Data records:
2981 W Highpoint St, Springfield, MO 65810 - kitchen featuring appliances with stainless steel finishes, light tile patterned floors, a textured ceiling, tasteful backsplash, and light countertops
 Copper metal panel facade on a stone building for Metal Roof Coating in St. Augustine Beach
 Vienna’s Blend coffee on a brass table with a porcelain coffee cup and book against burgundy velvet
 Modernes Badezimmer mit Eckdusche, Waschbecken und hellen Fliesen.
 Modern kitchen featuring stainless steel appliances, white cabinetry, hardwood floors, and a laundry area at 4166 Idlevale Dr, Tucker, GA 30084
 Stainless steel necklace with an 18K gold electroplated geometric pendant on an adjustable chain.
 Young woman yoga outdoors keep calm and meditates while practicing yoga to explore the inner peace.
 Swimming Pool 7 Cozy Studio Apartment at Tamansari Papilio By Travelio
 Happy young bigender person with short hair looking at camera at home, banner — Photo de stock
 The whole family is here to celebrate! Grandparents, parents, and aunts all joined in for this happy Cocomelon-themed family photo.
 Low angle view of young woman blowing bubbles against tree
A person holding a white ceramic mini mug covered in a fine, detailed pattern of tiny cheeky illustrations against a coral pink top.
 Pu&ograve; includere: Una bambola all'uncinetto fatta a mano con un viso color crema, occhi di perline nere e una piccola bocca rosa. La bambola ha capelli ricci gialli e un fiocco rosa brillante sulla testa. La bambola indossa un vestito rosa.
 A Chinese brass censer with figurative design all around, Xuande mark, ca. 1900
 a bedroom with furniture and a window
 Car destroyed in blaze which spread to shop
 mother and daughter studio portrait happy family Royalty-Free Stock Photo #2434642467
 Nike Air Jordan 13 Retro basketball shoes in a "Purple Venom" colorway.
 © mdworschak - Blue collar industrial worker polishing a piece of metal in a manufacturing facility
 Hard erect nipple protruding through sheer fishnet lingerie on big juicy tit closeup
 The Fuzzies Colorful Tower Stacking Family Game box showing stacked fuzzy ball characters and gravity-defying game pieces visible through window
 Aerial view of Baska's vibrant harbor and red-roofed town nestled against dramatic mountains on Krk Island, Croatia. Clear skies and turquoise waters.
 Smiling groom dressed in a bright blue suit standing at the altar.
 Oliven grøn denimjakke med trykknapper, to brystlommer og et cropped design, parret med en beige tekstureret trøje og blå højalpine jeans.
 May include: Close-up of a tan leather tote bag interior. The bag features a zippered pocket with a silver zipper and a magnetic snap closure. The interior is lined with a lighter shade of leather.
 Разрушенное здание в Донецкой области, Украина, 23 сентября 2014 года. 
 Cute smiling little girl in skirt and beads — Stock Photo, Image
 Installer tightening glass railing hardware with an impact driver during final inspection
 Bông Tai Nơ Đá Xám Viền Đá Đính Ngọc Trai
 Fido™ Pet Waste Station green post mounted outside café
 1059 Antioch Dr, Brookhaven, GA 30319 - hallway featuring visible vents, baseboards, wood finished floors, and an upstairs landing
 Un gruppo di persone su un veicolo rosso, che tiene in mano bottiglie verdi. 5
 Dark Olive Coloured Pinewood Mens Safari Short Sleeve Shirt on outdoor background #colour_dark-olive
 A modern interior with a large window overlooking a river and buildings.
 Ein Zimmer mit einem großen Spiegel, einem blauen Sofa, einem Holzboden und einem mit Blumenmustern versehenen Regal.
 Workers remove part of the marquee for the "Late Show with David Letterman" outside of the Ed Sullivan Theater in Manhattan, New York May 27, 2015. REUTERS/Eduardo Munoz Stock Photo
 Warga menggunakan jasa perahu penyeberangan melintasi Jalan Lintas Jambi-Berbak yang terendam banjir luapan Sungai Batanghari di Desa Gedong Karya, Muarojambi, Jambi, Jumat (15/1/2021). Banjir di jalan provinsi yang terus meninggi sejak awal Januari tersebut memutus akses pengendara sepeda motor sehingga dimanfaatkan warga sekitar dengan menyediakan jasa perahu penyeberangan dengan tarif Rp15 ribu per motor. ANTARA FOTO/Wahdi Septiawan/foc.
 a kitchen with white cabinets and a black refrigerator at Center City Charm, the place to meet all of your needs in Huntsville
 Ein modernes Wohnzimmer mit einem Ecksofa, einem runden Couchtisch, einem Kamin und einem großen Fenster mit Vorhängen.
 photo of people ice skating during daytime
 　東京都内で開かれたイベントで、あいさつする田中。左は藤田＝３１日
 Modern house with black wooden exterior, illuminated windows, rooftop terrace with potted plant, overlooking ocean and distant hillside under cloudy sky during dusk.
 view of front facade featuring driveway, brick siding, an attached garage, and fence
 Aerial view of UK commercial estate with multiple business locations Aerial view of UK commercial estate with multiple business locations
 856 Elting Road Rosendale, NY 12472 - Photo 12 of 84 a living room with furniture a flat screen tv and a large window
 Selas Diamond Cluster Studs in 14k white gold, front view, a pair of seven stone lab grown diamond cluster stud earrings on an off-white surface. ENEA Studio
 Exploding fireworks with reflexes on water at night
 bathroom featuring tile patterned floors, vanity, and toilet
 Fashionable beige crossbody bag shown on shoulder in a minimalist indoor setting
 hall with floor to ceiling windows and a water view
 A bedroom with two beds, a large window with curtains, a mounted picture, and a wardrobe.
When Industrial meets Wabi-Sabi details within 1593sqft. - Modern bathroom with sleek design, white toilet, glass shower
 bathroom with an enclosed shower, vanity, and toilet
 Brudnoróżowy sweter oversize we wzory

What you should do:
Write out the listing above, keeping every word exactly.

Completed exercise:
2981 W Highpoint St, Springfield, MO 65810 - kitchen featuring appliances with stainless steel finishes, light tile patterned floors, a textured ceiling, tasteful backsplash, and light countertops
 Copper metal panel facade on a stone building for Metal Roof Coating in St. Augustine Beach
 Vienna’s Blend coffee on a brass table with a porcelain coffee cup and book against burgundy velvet
 Modernes Badezimmer mit Eckdusche, Waschbecken und hellen Fliesen.
 Modern kitchen featuring stainless steel appliances, white cabinetry, hardwood floors, and a laundry area at 4166 Idlevale Dr, Tucker, GA 30084
 Stainless steel necklace with an 18K gold electroplated geometric pendant on an adjustable chain.
 Young woman yoga outdoors keep calm and meditates while practicing yoga to explore the inner peace.
 Swimming Pool 7 Cozy Studio Apartment at Tamansari Papilio By Travelio
 Happy young bigender person with short hair looking at camera at home, banner — Photo de stock
 The whole family is here to celebrate! Grandparents, parents, and aunts all joined in for this happy Cocomelon-themed family photo.
 Low angle view of young woman blowing bubbles against tree
A person holding a white ceramic mini mug covered in a fine, detailed pattern of tiny cheeky illustrations against a coral pink top.
 Pu&ograve; includere: Una bambola all'uncinetto fatta a mano con un viso color crema, occhi di perline nere e una piccola bocca rosa. La bambola ha capelli ricci gialli e un fiocco rosa brillante sulla testa. La bambola indossa un vestito rosa.
 A Chinese brass censer with figurative design all around, Xuande mark, ca. 1900
 a bedroom with furniture and a window
 Car destroyed in blaze which spread to shop
 mother and daughter studio portrait happy family Royalty-Free Stock Photo #2434642467
 Nike Air Jordan 13 Retro basketball shoes in a "Purple Venom" colorway.
 © mdworschak - Blue collar industrial worker polishing a piece of metal in a manufacturing facility
 Hard erect nipple protruding through sheer fishnet lingerie on big juicy tit closeup
 The Fuzzies Colorful Tower Stacking Family Game box showing stacked fuzzy ball characters and gravity-defying game pieces visible through window
 Aerial view of Baska's vibrant harbor and red-roofed town nestled against dramatic mountains on Krk Island, Croatia. Clear skies and turquoise waters.
 Smiling groom dressed in a bright blue suit standing at the altar.
 Oliven grøn denimjakke med trykknapper, to brystlommer og et cropped design, parret med en beige tekstureret trøje og blå højalpine jeans.
 May include: Close-up of a tan leather tote bag interior. The bag features a zippered pocket with a silver zipper and a magnetic snap closure. The interior is lined with a lighter shade of leather.
 Разрушенное здание в Донецкой области, Украина, 23 сентября 2014 года. 
 Cute smiling little girl in skirt and beads — Stock Photo, Image
 Installer tightening glass railing hardware with an impact driver during final inspection
 Bông Tai Nơ Đá Xám Viền Đá Đính Ngọc Trai
 Fido™ Pet Waste Station green post mounted outside café
 1059 Antioch Dr, Brookhaven, GA 30319 - hallway featuring visible vents, baseboards, wood finished floors, and an upstairs landing
 Un gruppo di persone su un veicolo rosso, che tiene in mano bottiglie verdi. 5
 Dark Olive Coloured Pinewood Mens Safari Short Sleeve Shirt on outdoor background #colour_dark-olive
 A modern interior with a large window overlooking a river and buildings.
 Ein Zimmer mit einem großen Spiegel, einem blauen Sofa, einem Holzboden und einem mit Blumenmustern versehenen Regal.
 Workers remove part of the marquee for the "Late Show with David Letterman" outside of the Ed Sullivan Theater in Manhattan, New York May 27, 2015. REUTERS/Eduardo Munoz Stock Photo
 Warga menggunakan jasa perahu penyeberangan melintasi Jalan Lintas Jambi-Berbak yang terendam banjir luapan Sungai Batanghari di Desa Gedong Karya, Muarojambi, Jambi, Jumat (15/1/2021). Banjir di jalan provinsi yang terus meninggi sejak awal Januari tersebut memutus akses pengendara sepeda motor sehingga dimanfaatkan warga sekitar dengan menyediakan jasa perahu penyeberangan dengan tarif Rp15 ribu per motor. ANTARA FOTO/Wahdi Septiawan/foc.
 a kitchen with white cabinets and a black refrigerator at Center City Charm, the place to meet all of your needs in Huntsville
 Ein modernes Wohnzimmer mit einem Ecksofa, einem runden Couchtisch, einem Kamin und einem großen Fenster mit Vorhängen.
 photo of people ice skating during daytime
 　東京都内で開かれたイベントで、あいさつする田中。左は藤田＝３１日
 Modern house with black wooden exterior, illuminated windows, rooftop terrace with potted plant, overlooking ocean and distant hillside under cloudy sky during dusk.
 view of front facade featuring driveway, brick siding, an attached garage, and fence
 Aerial view of UK commercial estate with multiple business locations Aerial view of UK commercial estate with multiple business locations
 856 Elting Road Rosendale, NY 12472 - Photo 12 of 84 a living room with furniture a flat screen tv and a large window
 Selas Diamond Cluster Studs in 14k white gold, front view, a pair of seven stone lab grown diamond cluster stud earrings on an off-white surface. ENEA Studio
 Exploding fireworks with reflexes on water at night
 bathroom featuring tile patterned floors, vanity, and toilet
 Fashionable beige crossbody bag shown on shoulder in a minimalist indoor setting
 hall with floor to ceiling windows and a water view
 A bedroom with two beds, a large window with curtains, a mounted picture, and a wardrobe.
When Industrial meets Wabi-Sabi details within 1593sqft. - Modern bathroom with sleek design, white toilet, glass shower
 bathroom with an enclosed shower, vanity, and toilet
 Brudnoróżowy sweter oversize we wzory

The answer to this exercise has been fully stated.